Cette annexe tente de mettre au clair les possibilité de sanctionner les actes de contrefaçon numérique par la voie de contraventions. Sur le principe, on peut aisément déclasser la contrefaçon de la qualification actuelle de délit à une contravention. L’émission de cette contravention peut alors ressortir de deux logiques : 

La voie normale est l’identification de faits susceptibles d’être des infractions par un agent de police judiciaire qui émet la contravention, puis l’intervention d’un juge, qui constate l’infraction et détermine la peine ;



La voie automatisée, choisie en matière de sécurité routière, revient à unir les phases d’émission de la contravention, de constatation puis de sanction (qui est standardisée en fonction de la nature de l’infraction) dans les mains des seuls agents de police judiciaire, et à repousser l’intervention d’un juge au stade de la contestation, en cas de refus de paiement ;

Cette dernière hypothèse est la plus intéressante pour la lutte contre la contrefaçon numérique, la première pouvant aboutir à embouteiller les tribunaux. Mais dans ce cas de procédure automatique, les garanties doivent être fortes, car l’accès au juge n’est pas de droit, les agents constatant les infractions et émettant les contraventions par eux-mêmes, ce qui est dérogatoire. Or ces pouvoirs ne peuvent ressortir à des agents privés, même assermentés, comme ceux des sociétés d’auteur. Il est nécessaire que le processus soit assuré par des agents de police judiciaire. Deux bases juridiques sont le plus souvent suggérées pour établir cette contravention : la sécurisation du poste sur le fondement de l’article L. 335-12 du cpi ; l’acte de contrefaçon, c’est-àdire l’utilisation d’une oeuvre sans autorisation des ayant droits. 

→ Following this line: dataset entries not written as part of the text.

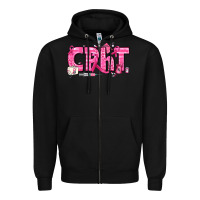Black Breast Cancer CPHT Pharmacy Technician Zipper Hoodie - texasbilliewilder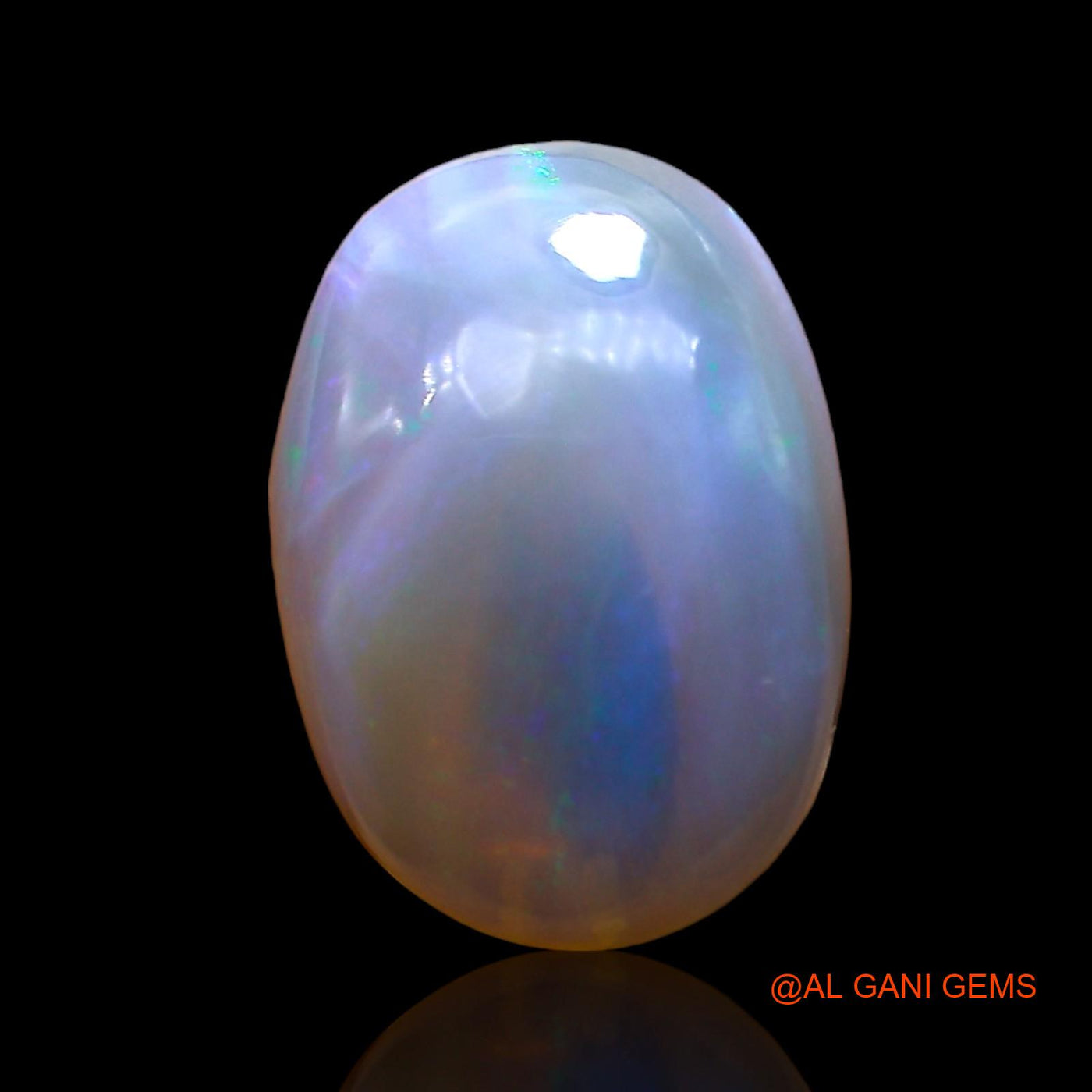 4.00 Cts Natural Australian Fire Opal Loose Gemstone Oval Cabochon 14x10x5 mm AD-700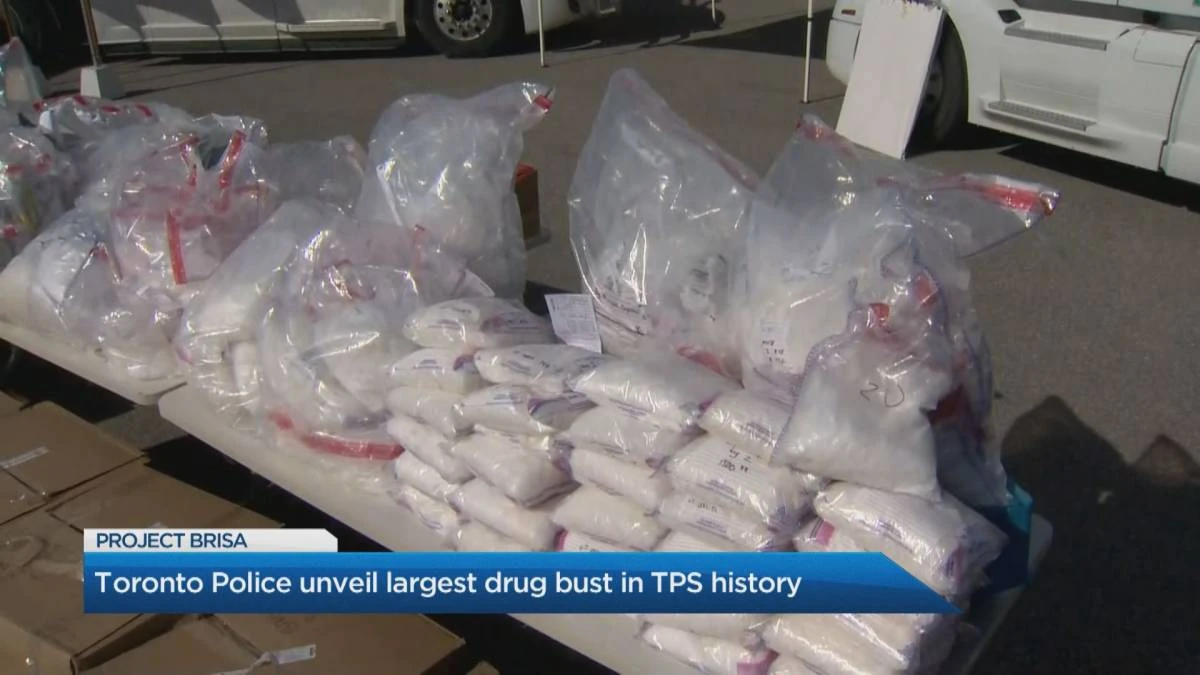 Toronto Police unveil the largest international drug bust in its history
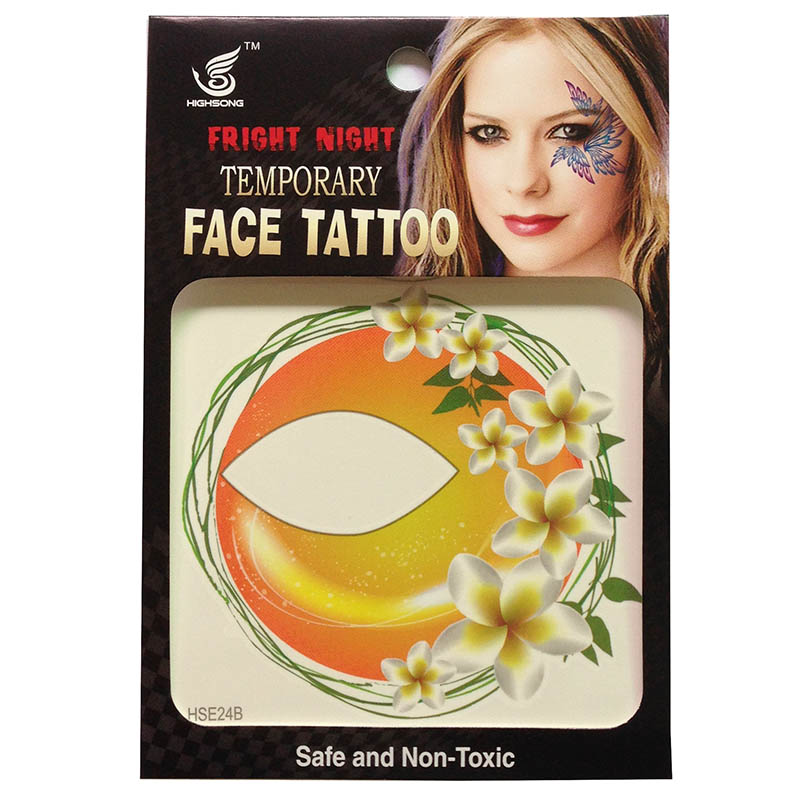 HSE24 8x8cm ladys temporary single eye  tattoo sticker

La sécurisation du poste pose en l’état difficulté, car le caractère pénal29 de l’actuel article L. 335-12 du code de la propriété intellectuelle n’est pas, comme il a été dit dans le rapport, clairement établi, au regard notamment du principe de personnalité de la peine – même s’il est vrai qu’il existe une présomption de responsabilité du titulaire de la carte grise pour certaines contraventions au code de la route, mais dans des conditions très encadrées (cf. art. L. 21-2 du code de la route).



L’acte de contrefaçon serait une base plus solide. S’il y a déclassement général de tous les actes illégaux de contrefaçon de délit en contravention, aucune difficulté n’existe au regard de la jurisprudence du Conseil constitutionnel relative à la loi du 1er août 2006. Si un déclassement partiel est envisagé, il convient alors d’assurer l’égalité devant la sanction en ne fixant pas une règle qui discriminerait une technique spécifique. Des pistes sont envisageables (téléchargement ; mise à disposition ; téléchargement/mise à disposition avant sortie d’un film en salle ; des critères de volume ne peuvent être exclus ; ...).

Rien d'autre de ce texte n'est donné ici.